For this assignment, we will be walking through a similar study. You may use the code above as reference, though you are free to use the t.test
function in R as well. The course website also includes an .Rmd
file for your answer. Please use that document with the Knit option to make your homework submission a pdf.
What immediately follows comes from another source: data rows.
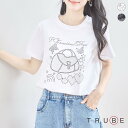 new【即日発送】TRUBE【M〜L】 バッグ&バタフライラインストーンTシャツ(N12-331)デイリーファッション 普段着 おしゃれ着(トップス単品)ミセス...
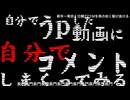 自分でうpした動画に(ry (sm125732)日鯖221M達成直後の様子(01-11-2026)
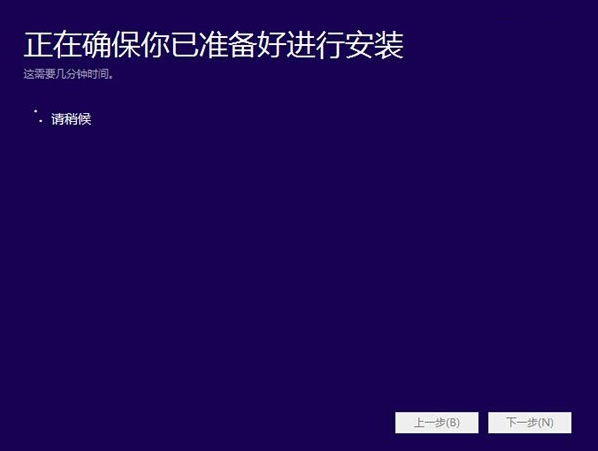 Win7如何升级Win10系统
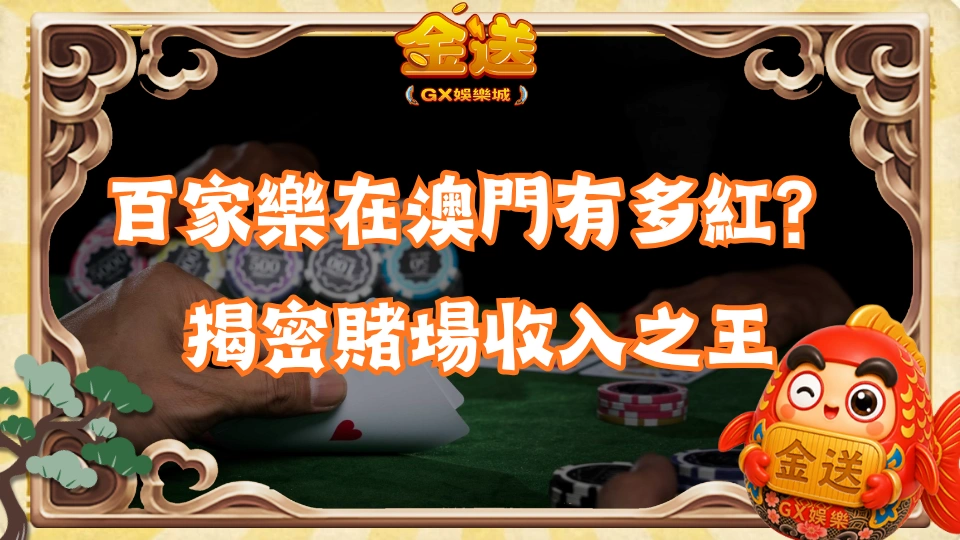 百家樂在澳門有多紅？揭密賭場收入之王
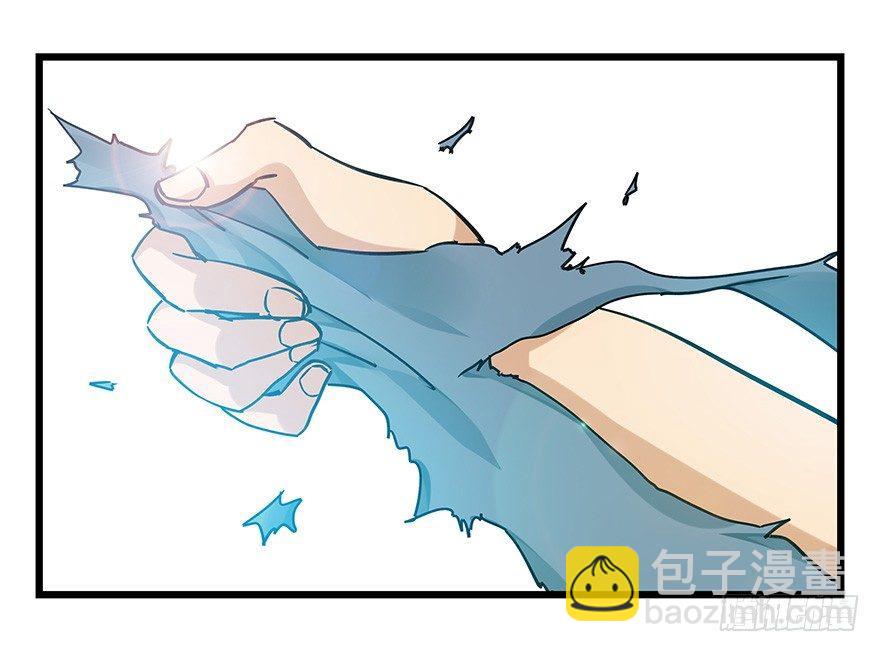 第四十六层（中上）-第169话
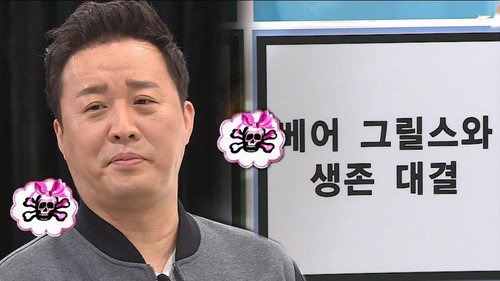 Jung Jun-ha's Daesang Project still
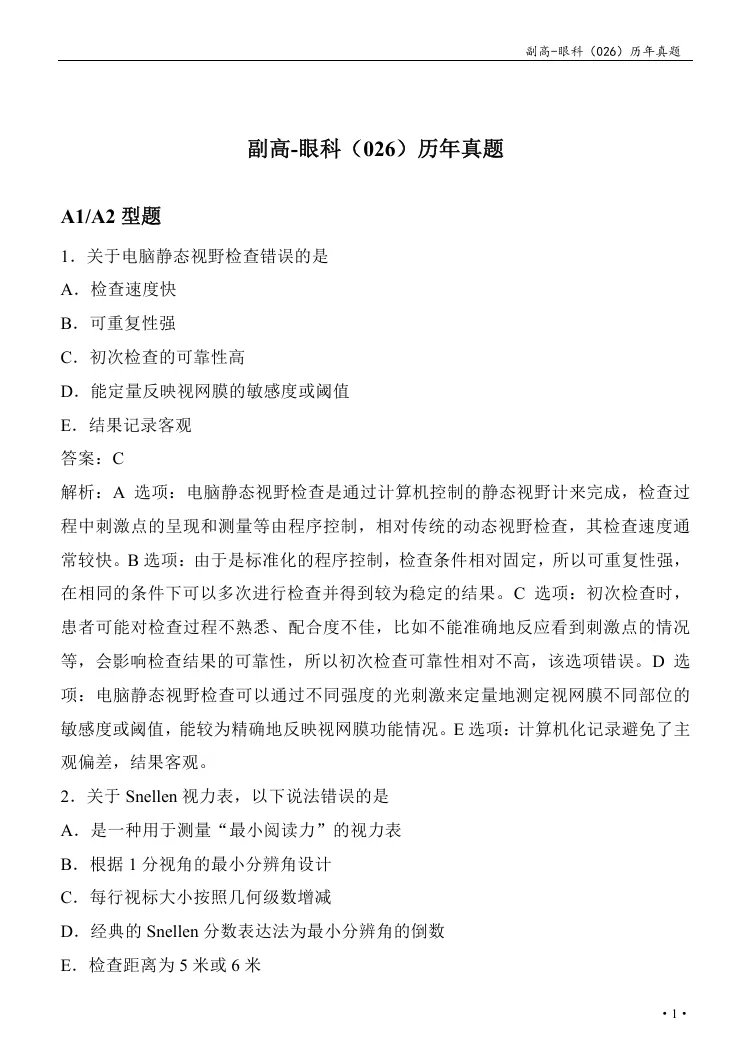 最新!2026眼科学正副高级职称历年真题 第2张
An investigator wishes to compare enzyme levels in two subpopulations of D. melanogaster, A and B, in a standardized experiment. She independently selects a random sample of 50 individuals from each of the two subpopulations and measures the enzyme level of each individual. The investigator plans to use a parametric approach to analyzing the data. Assume that the distributional assumptions associated with the parametric approach are indeed valid for the purposes of this exercise. The data for this problem can be found on the course website, enzyme.csv
. To read the data into R, you can use the following code
## Make sure enzyme.csv in the same directory as your Rmd file
enzyme <- read.csv("enzyme.csv")
A <- enzyme$A
B <- enzyme$B
What is the name of the parametric statistical procedure the investigator should be using to test the null hypothesis that the mean difference in outcome is zero?
What is the value of the test statistic and it’s p-value?
How many degrees of freedom are associated with this test?
What is the mean difference in outcome? What is its standard error? For this, create a vector diff <- A-B
and use the mean
and sd
function to find the relevant statistics of this vector.
What is a 95% confidence interval for the true mean difference in enzyme levels?
What assumptions went into this procedure?
Find the variance of group A and group B. What are they? Should our t test assume equal variances?
What conclusions would you make for this study?